Y en el camino, Barcelona
La alcaldía de Barcelona no es terreno para paracaidistas. Quien quiera ser alcalde tendrá que construirse una clara identificación con la ciudad
La dinámica acción-reacción en la que está instalado el conflicto catalán no permita avistar fácilmente una salida del terreno pantanoso en que llevamos ya unos cuantos meses atrapados. Puigdemont y su entorno han colocado en la presidencia a un portador de las esencias del nacionalismo catalán más reaccionario y excluyente. Mientras que en el constitucionalismo marca la pauta Ciudadanos que, con el tono enrabietado que le caracteriza, no tiene otra respuesta al llamado desafío catalán que la represiva: su discurso empieza y acaba en las iniciativas de excepción, en las denuncias judiciales, en la persecución de todo lo que se mueve en el universo independentista, ya sean palabras o hechos.

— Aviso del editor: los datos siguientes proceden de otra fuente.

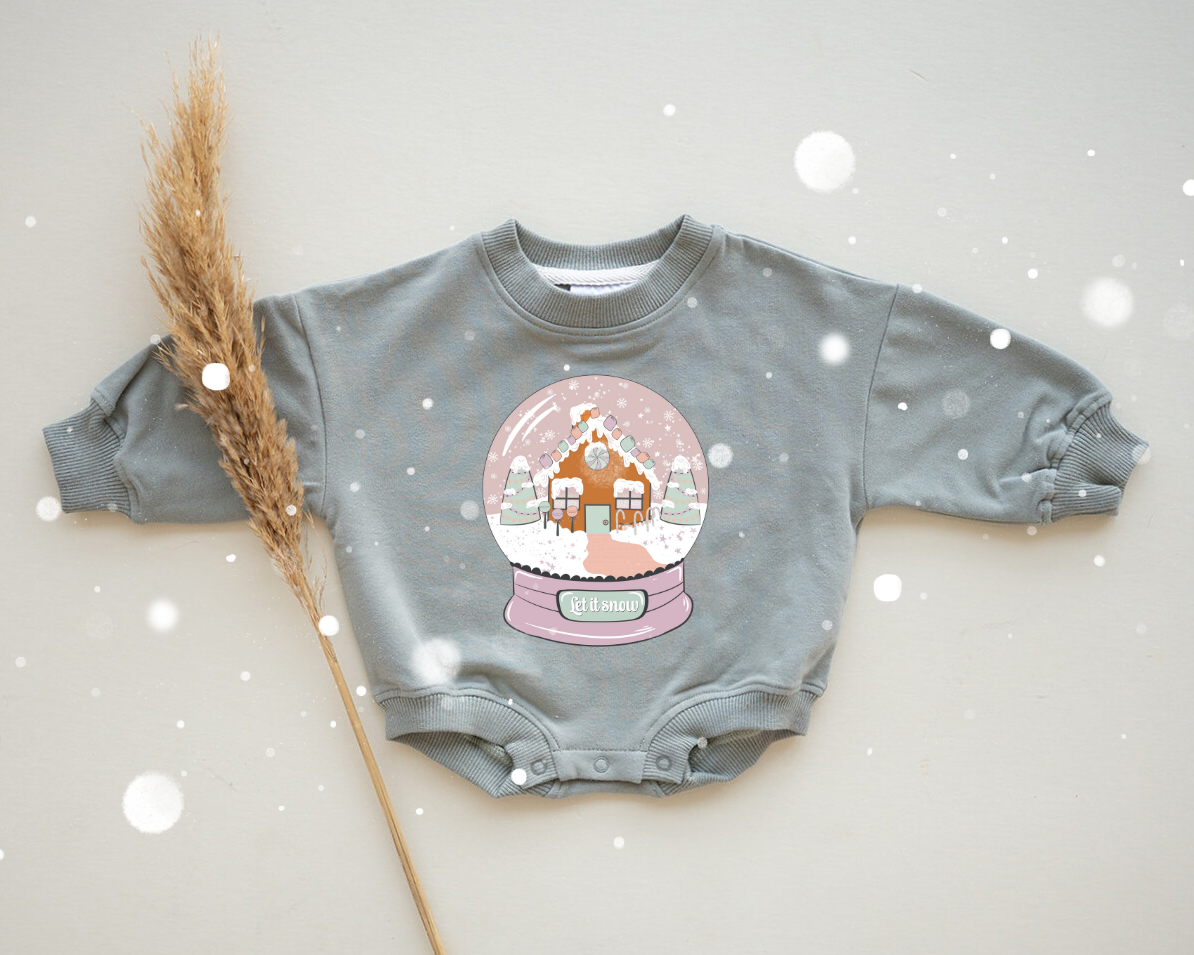 Snow Globe Oversized Cozy Romper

En medio de este ruido van aflorando las discrepancias en el soberanismo. Y tendremos que estar atentos al doble lenguaje de las palabras y de los hechos. Esquerra viene señalando ya hace algunas semanas la necesidad de abandonar temporalmente la unilateralidad y abrirse a nuevos socios y aliados. Su negativa a que sus consejeros sean repuestos en sus cargos, confirma que el partido asume un cambio de etapa. Y por si quedaba alguna duda, Junqueras la ha disipado en el Diario.es: “Hablando se entiende la gente, dicen. Estamos en la cárcel y no ponemos como condición para dialogar, ninguna premisa, ni siquiera nuestra liberación, el traslado a las cárceles catalanas o el regreso de los exiliados”. Sin embargo, el acomplejado PDeCAT sigue sin atreverse a expresar en público sus discrepancias con Puigdemont que sus dirigentes repiten en privado. La unidad en la formación de gobierno no impide que las diferencias sean cada día de mayor calado.

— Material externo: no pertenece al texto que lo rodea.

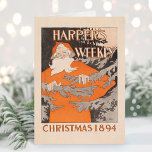 Vintage Harper's Weekly Christmas 1894 Feiertagskarte<br><div class="desc">Harper's Weekly,  Christmas 1894 (1894) | Edward Penfield (American,  1866 - 1925) Verwenden Sie die Designwerkzeuge,  um benutzerdefinierten Text hinzuzufügen oder das Bild zu personalisieren.</div>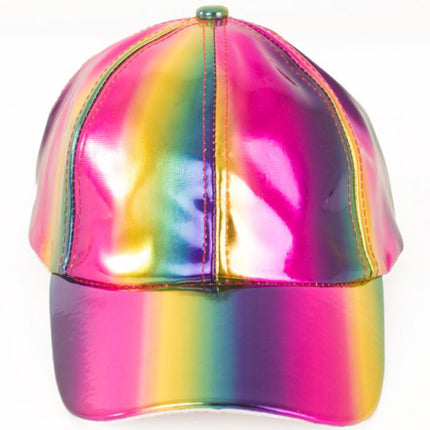 PartyXplosion Pet regenboog metallic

En este sentido, la larvada confrontación interna del soberanismo va camino de desplazarse a las elecciones municipales. Objetivo: Barcelona. La consigna es clara: el independentismo necesita la capital para consolidarse. Y con este argumento se intentará forzar una lista unitaria del soberanismo, a pesar de que PDeCAT y Esquerra ya han elegido sus candidatos propios. Cuando aflora el nacionalismo de raíz carlista más tradicional (la nación como realidad trascendental por encima de las personas) creo que es hora de que el soberanismo progresista pierda el miedo a ser señalado como traidor y recupere voz propia.
Barcelona es muy suya. Si se me permite la expresión, hay un patriotismo de ciudad que la vive como un referente singular y autosuficiente. Capital de Cataluña, sin duda, pero no simple emanación o culminación de ésta, entre otras cosas porque su halo es más visible en el mundo que el del conjunto del país. Muchos barceloneses, soberanistas incluidos, verían mal unas elecciones municipales planteadas en términos de complemento del proceso independentista. Barcelona es una entidad en sí misma y como tal debe debatir sus problemas y discutir su futuro. Atraparla en el debate identitario no es seguro que genere los efectos deseados por sus promotores. Ni siquiera ahogar a los Comunes, que es lo que busca la derecha.
Del mismo modo, la alcaldía de Barcelona no es terreno para paracaidistas. Quien quiera ser alcalde tendrá que construirse una clara identificación con la ciudad. Un par de semanas atrás, tuvo impacto el anuncio de una hipotética candidatura de Manuel Valls, al frente de Ciudadanos. Las primeras encuestas le auguran un fracaso, peor resultado que otros candidatos de esta misma formación. Aquellos barceloneses que se sienten españoles y desconfían del soberanismo, ¿tienen que ser redimidos por un gabacho? Los marcos mentales de los nacionalismos son rígidos.
No se puede jugar con Barcelona. Y reducir la batalla por la alcaldía a la cuestión identitaria puede ser goloso para los sectores más radicales de ambos lados, pero sería problemático para la capacidad de irradiación de la ciudad. La coyuntura es extremadamente delicada y mientras haya políticos en la cárcel y políticos exiliados los candidatos tendrán que tentarse la ropa antes de atreverse a hacer determinados movimientos. Pero Barcelona debería ser la oportunidad de reencontrar el debate político más allá de la estricta cuestión identitaria, sin miedo a abrirse a nuevas alianzas. La unidad del independentismo al precio de tantos silencios, de tantas cosas dichas en privado que no se osan pronunciar en público, se hace nociva. Y Barcelona debería ser una oportunidad para que cada cual recuperara su palabra. Después, en función de los resultados, ya surgirán los pactos necesarios. Volver al mantra de las listas unitarias es seguir negando el reconocimiento y la expresión de la compleja realidad.